Ryder Cup now '18-hole international version of...16th at the Phoenix Open'
“Pull in that pinky finger and remove the linen napkin from your lap. It’s a different event now,” columnist Tom Powers of the St. Paul Pioneer Press writes. “The staid, starchy Ryder Cup has become the infield at Talladega, a seat with the Baseline Bums in San Antonio, an 18-hole international version of the madcap 16th at the Phoenix Open.
“Strawberries and cream? Oh, no — hot dogs and cheap beer all around…
“It’s refreshing to hear something other than ‘quiet, please’ on a golf course. And it’s much more fun seeing people raising their arms to encourage the spectators rather than gesturing palms down to silence them.
“The supposedly unrefined atmosphere did absolutely nothing to affect the quality of play. In fact, it was some of the best golf we’ve ever seen.”
Bubba Watson ‘came off looking like a good guy’

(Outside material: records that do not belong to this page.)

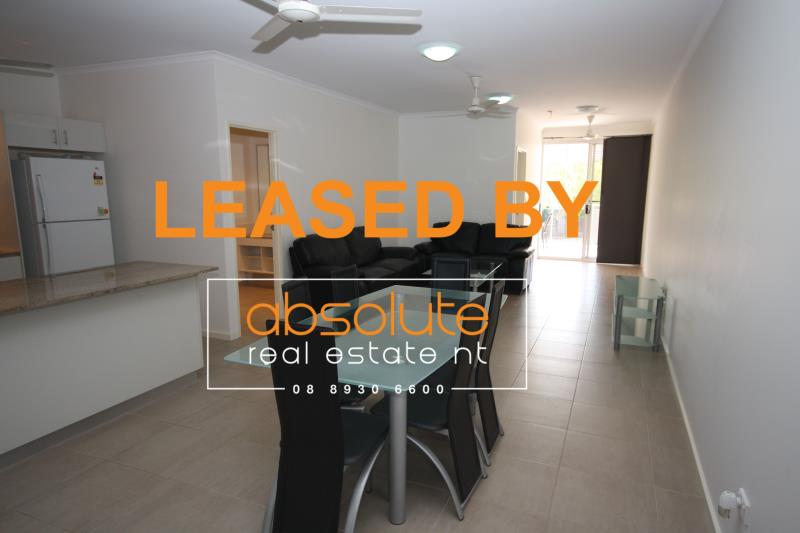 14/7 Manila Pl, Woolner, NT 0820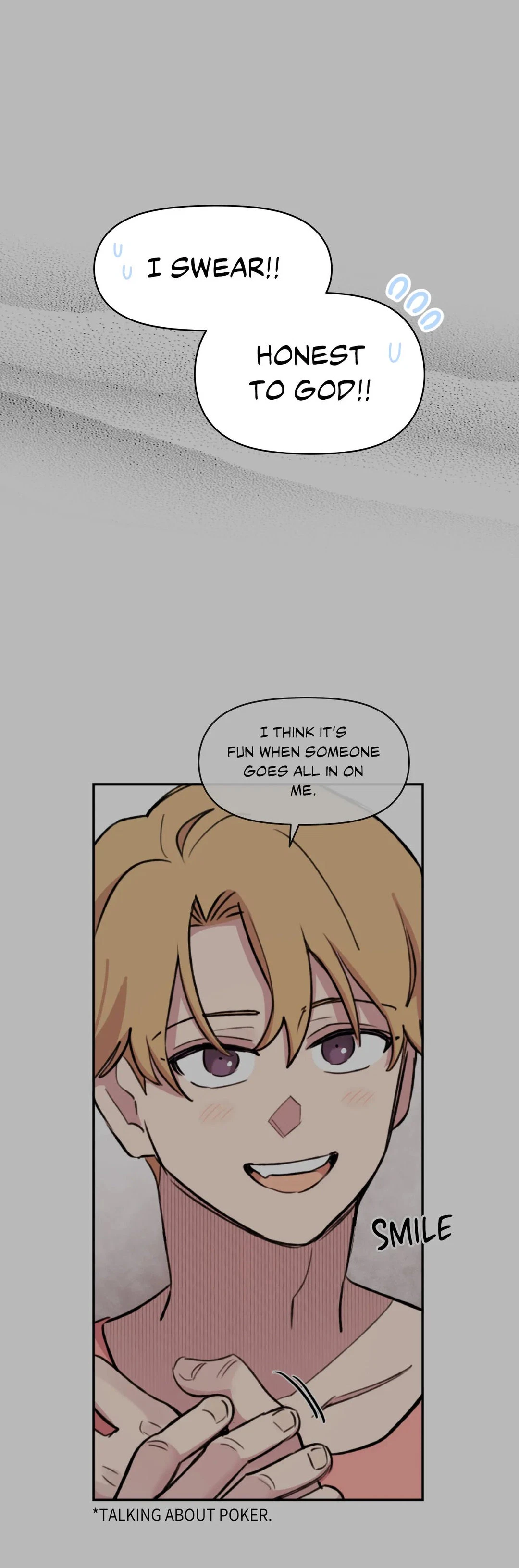 Chapter 84, page 24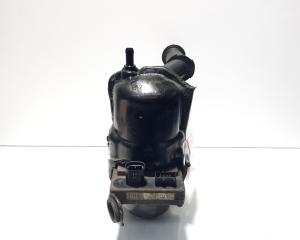 Pompa servo directie HPI, cod 9645102380, Peugeot 307, 1.6 benz, NFU (id:504254)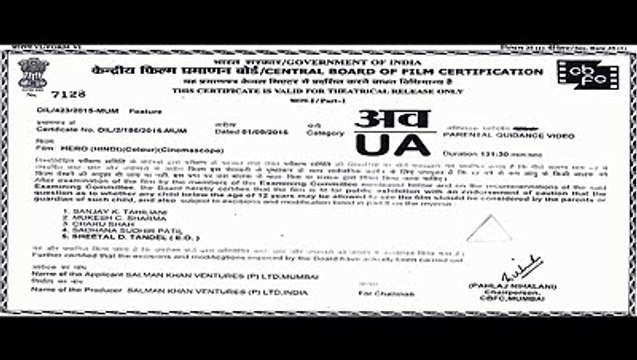 Download Bhale Manchi Roju (2015) Full Movie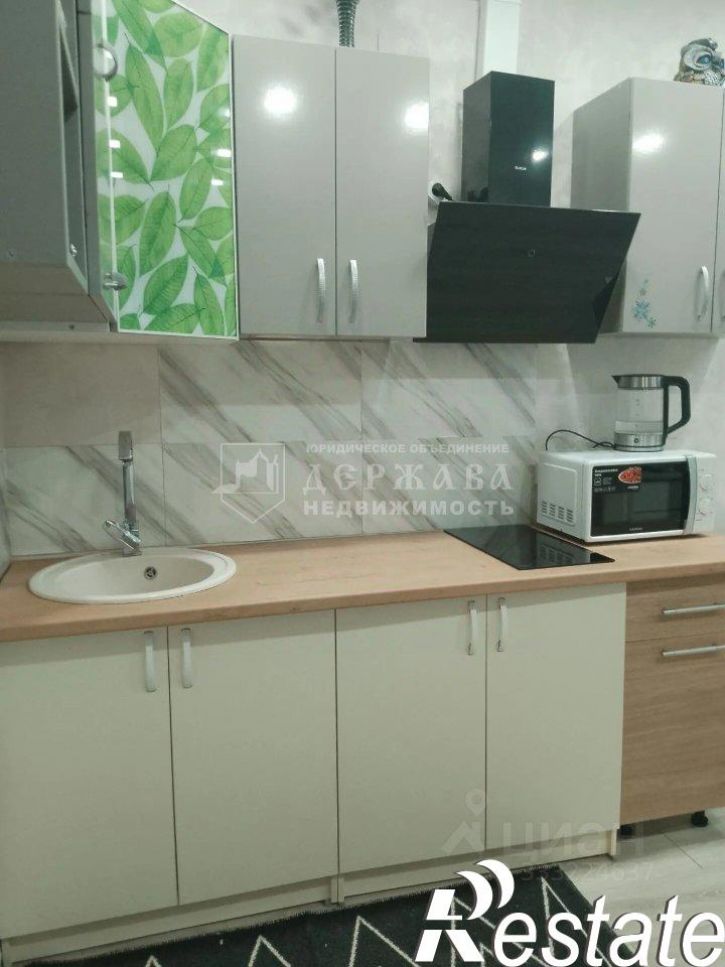 1-комн квартира Измаильская улица, 82 к1,  д. 82 к1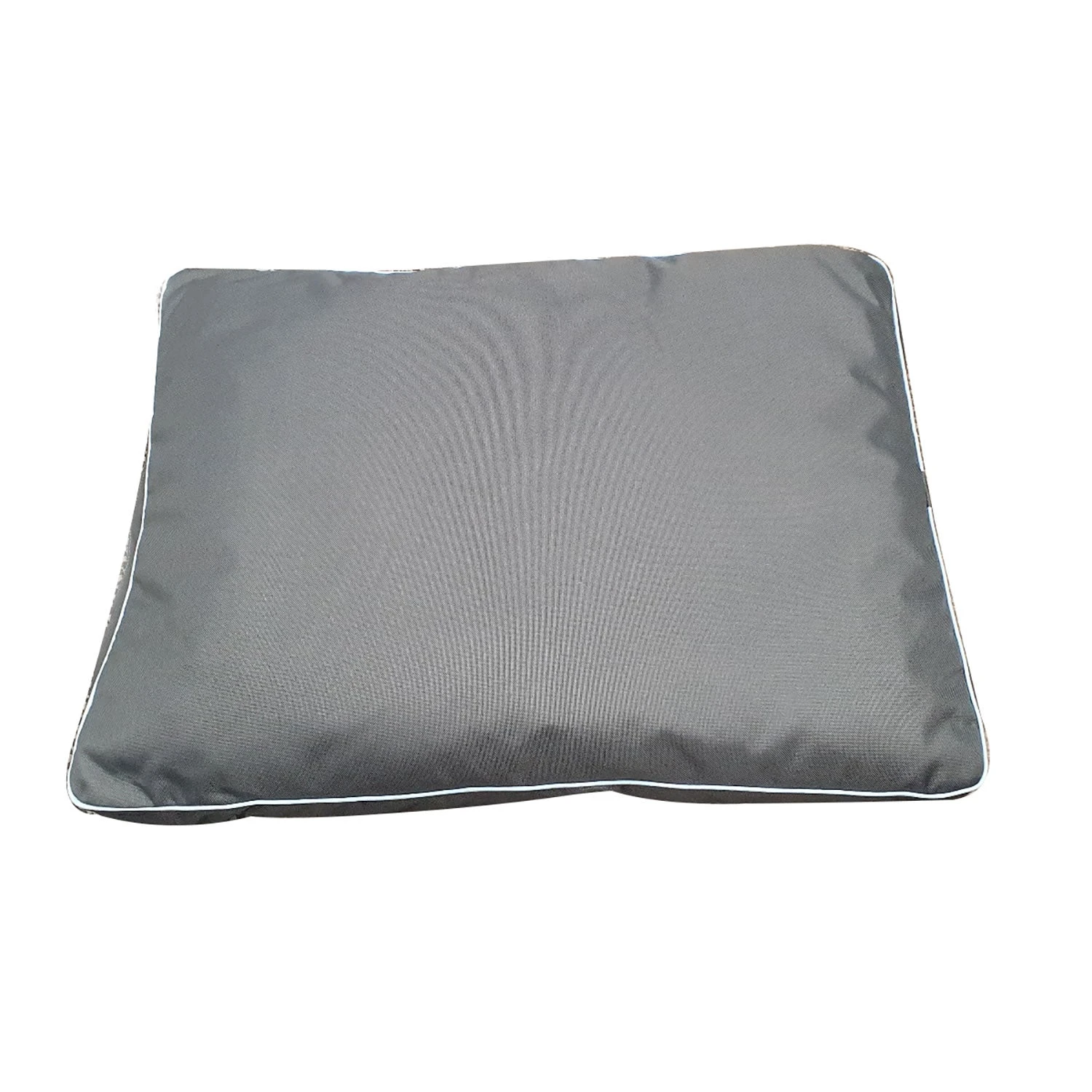 Henry Wag Brecon Adventure Bed - Various Sizes 6 Henry Wag Brecon Adventure Bed - Various Sizes - Image 4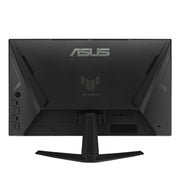 ASUS VG249QE5A - 23.8" - FHD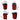 Mini Popcorn Maker - Healthy Snack Appliance - DecorOfficial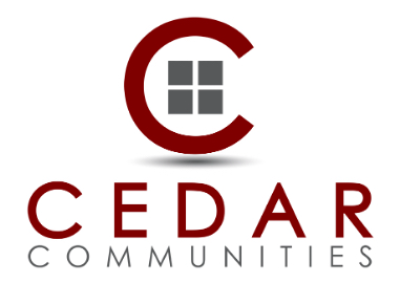 Cedar Communities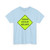Color: Light Blue | Position: other | Image: 3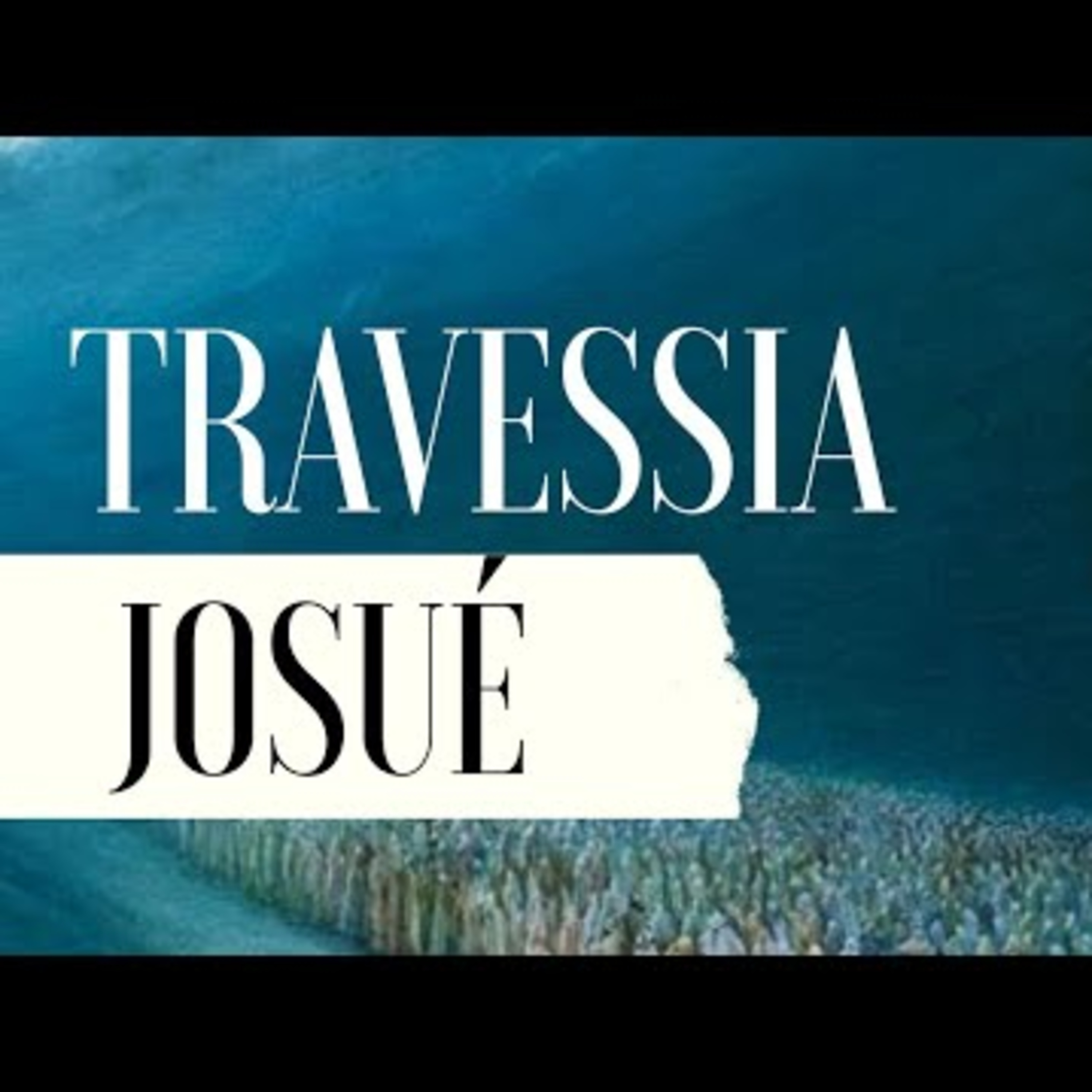Renovada Igreja Missionária | MENSAGENS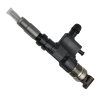095000-6401/095000-6402/23670-E0070/23670-E0071 Fuel Injector for Hino Engine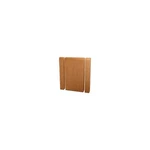 Mastercool MCP44-PAD Evaporative Cooler Universal Rigid Media Set Quantity. Fixed Price $147.23.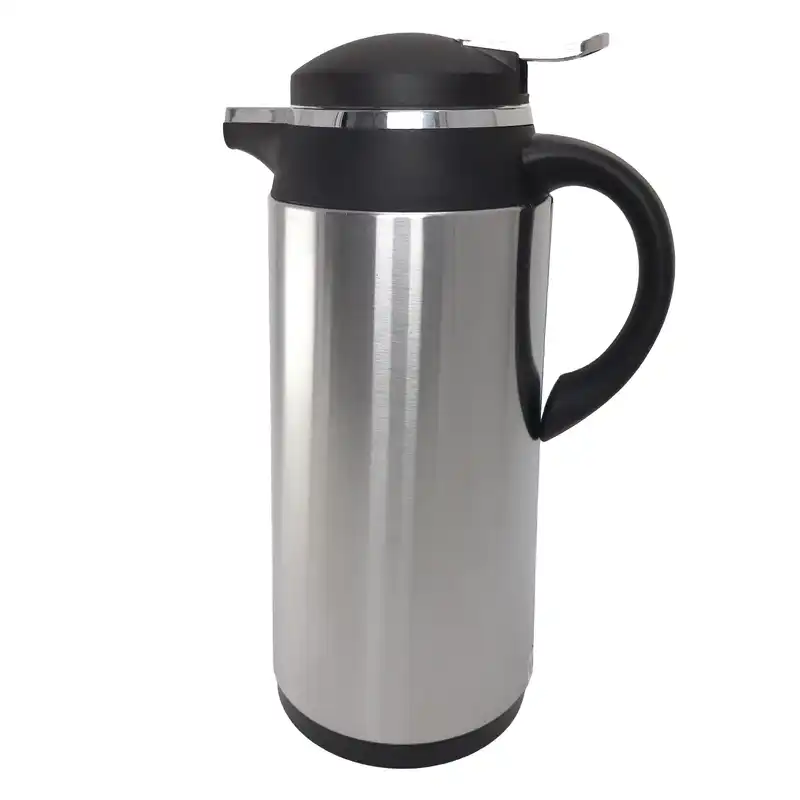 فلاسک لاکچری مدل LUX گنجایش 1.6 لیتر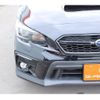 subaru wrx 2017 -SUBARU--WRX DBA-VAG--VAG-024702---SUBARU--WRX DBA-VAG--VAG-024702- image 9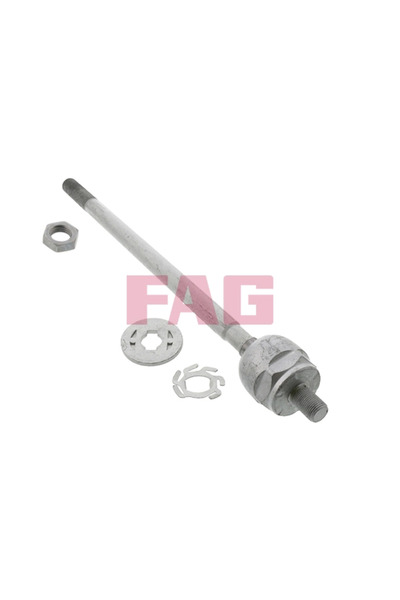 FAG Articulatie Axiala Cap De Bara Renault Twingo 1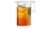 Bodum Ceylon Eisteekanne mit Filter, 1,5L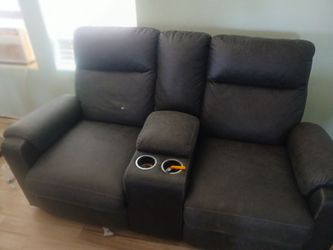 Couch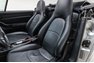 1998 Porsche 911 Carrera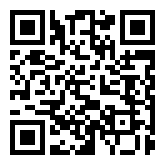 http://yunzhikong.cn/new/108423.html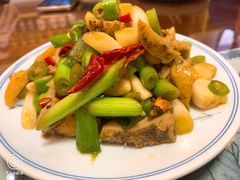 -以前的小酒馆(中山广场店)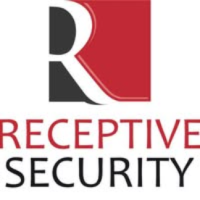 Receptive Security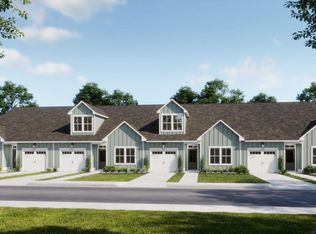 1107 Fryar Avenue #99, Leland, NC 28451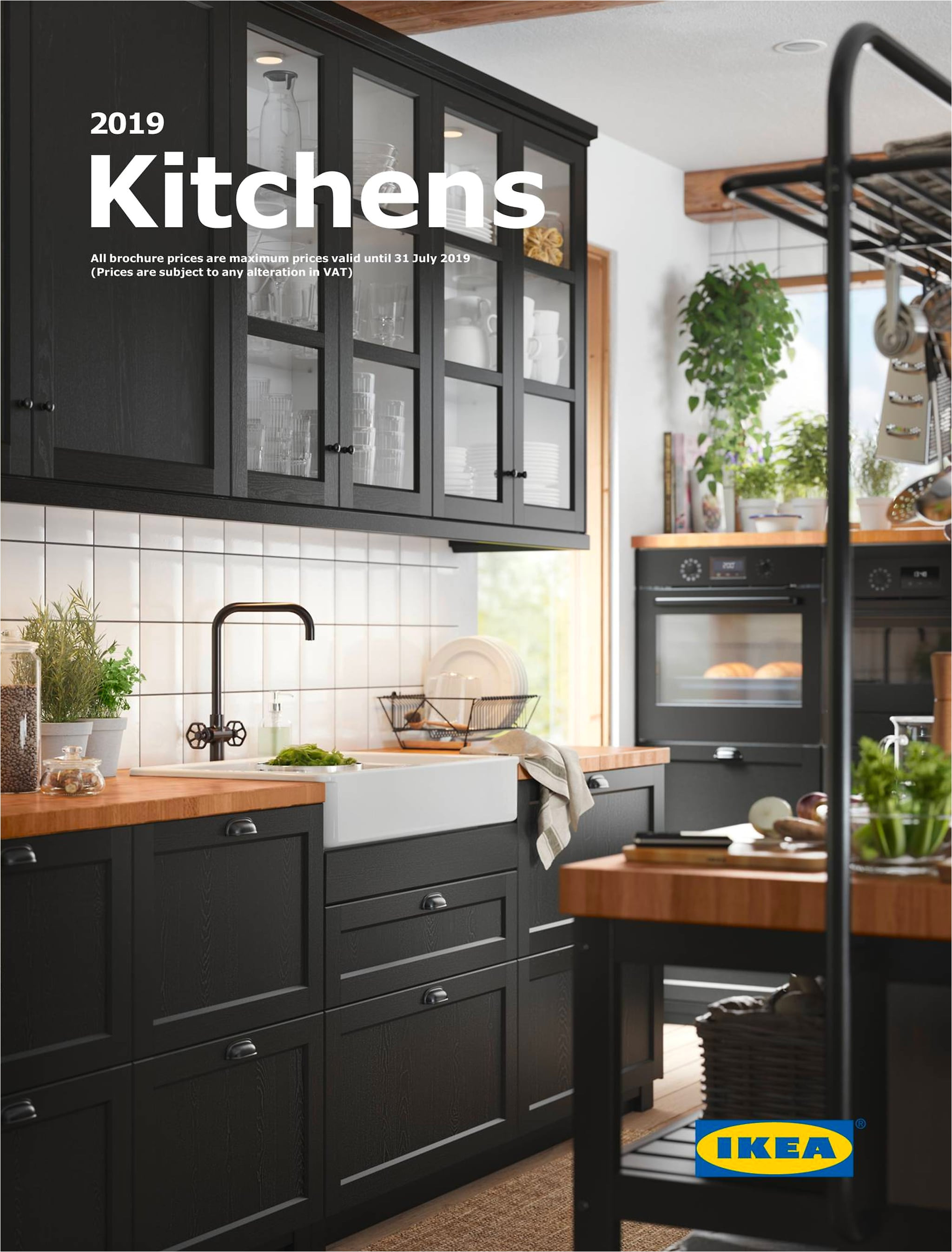 Www Ikea Usa Com Kitchenplanner The Ikea Catalogue 2019 Ikea Of Www Ikea Usa Com Kitchenplanner 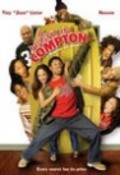 Movies A Night in Compton poster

“For a guy who was somewhat controversially left off the U.S. Ryder Cup team, Bubba Watson took the high road and came off looking like a good guy for still being part of the team as a vice captain," Bob Harig of ESPN writes.
“Instead of pouting, he pleaded to come to Hazeltine as an assistant, Love obliged, and all were glad he came following a 17-11 victory over Europe.
“'Finally, I found my place on the team is to help,’ said Watson, who sobbed openly when Team USA's victory was confirmed.”